Last week we told you that Steve Ballmer had said some positive things about Apple, AirPort, and Adobe during a speech to the Churchill Club in Silicon Valley. Lee Gomes of the Wall Street Journal focused on a different aspect of that presentation, the issue of innovation. Mr. Gomes penned an article about that issue that rakes Microsoft over the coals for being a company that copies, and one that only innovates at the barrel of a gun. From the editorial, which we accessed from Monday's print version of the Wall Street Journal:

Said Mr. Ballmer: "I believe that there's almost a dangerous complacency about innovation amongst people in the world these days. That complacency threatens to leave companies behind in a world that will continue to change rapidly."

Having studied computer technology for several years, I am able to offer this translation: "Back in the good old days of the Nasdaq bubble, everyone was so dazzled by tech hype and our high stock price that they'd buy practically anything. Now, big corporate customers ask all sorts of annoying questions like whether the stuff really works, and what sort of payback they'll get. Boy, is my job harder than it used to be."

[...]

Microsoft is on especially thin ice when it waves the innovation flag, because it usually innovates only at the barrel of a gun. It did its famous embrace of the Internet only after Netscape set the world on fire with its browser. It developed the Xbox videogame machine as a defensive move after hearing all the buzz about the Sony PlayStation kicking PCs out of homes.

Its big .Net online initiative was born in 2000, when Microsoft's revenue was flattening, and when the company got the idea that it could increase sales by having us not buy but rent its software through the Microsoft Passport online accounts we'd be forced to have. (It didn't quite put it that way, of course.)

[...]

Microsoft's real problem is that it wants to be both rich and loved; to be lauded as a brilliant and daring innovator while actually following the business plan of an expert and cunning copier.

The editorial finishes with a comment about how Microsoft has put more high quality software in more people's hands than any other company, but that users shouldn't give the company any respect. He also says Microsoft's products "aren't so bad, really."

The editorial was published on Monday in the Wall Street Journal on page 1 of the Marketplace section. It is likely to be online, too, where the newspaper requires a subscription.

The Mac Observer Spin:

You get 'em, Lee. This editorial was so to the point, you might expect it to have come from a Mac Web site. In fact, we have gone on about Microsoft's lack of innovation on more than one occasion, but that's more or less beside the point. Please note, too, that we are not including the Mac Business Unit of Microsoft in our criticism of Microsoft as a whole.
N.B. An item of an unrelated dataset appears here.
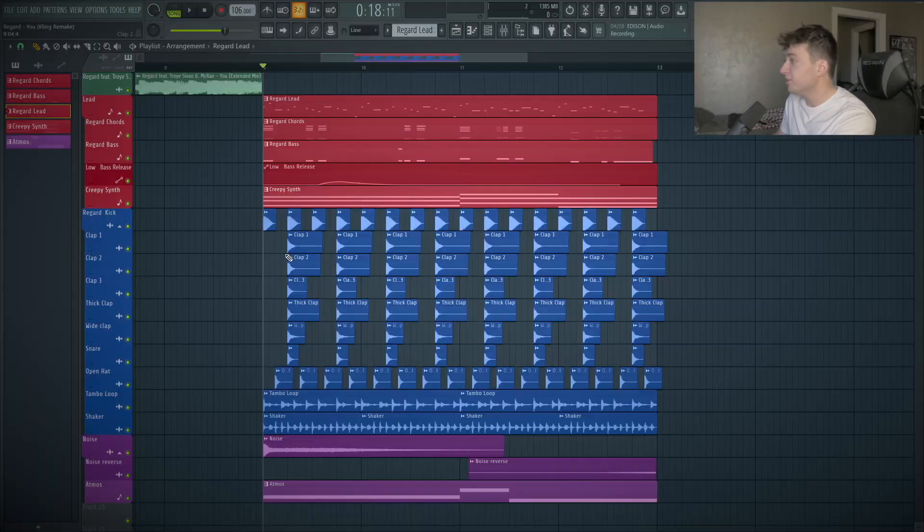I really wanted to remake this track because I felt like there's a lot of really simple elements, but Regard is just such a talented producer and his melodies and chords are just so nice. He really gets at that old school vibe, but glues it together with a lot of newer type of sounds. You can download the presets, samples, and FLP down below in the description, so let's dive into it.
In the meanwhile, we love seeing this message on the pages of the Wall Street Journal. So many people have bought into Microsoft's flim-flam show about being innovative, it seemed for years that no one was paying attention to that little thing we like to call reality. It definitely seems as if more folks are paying attention these days, however; between the negative coverage of Microsoft's ever-increasing security problems, and article like this, the truth may well be spreading.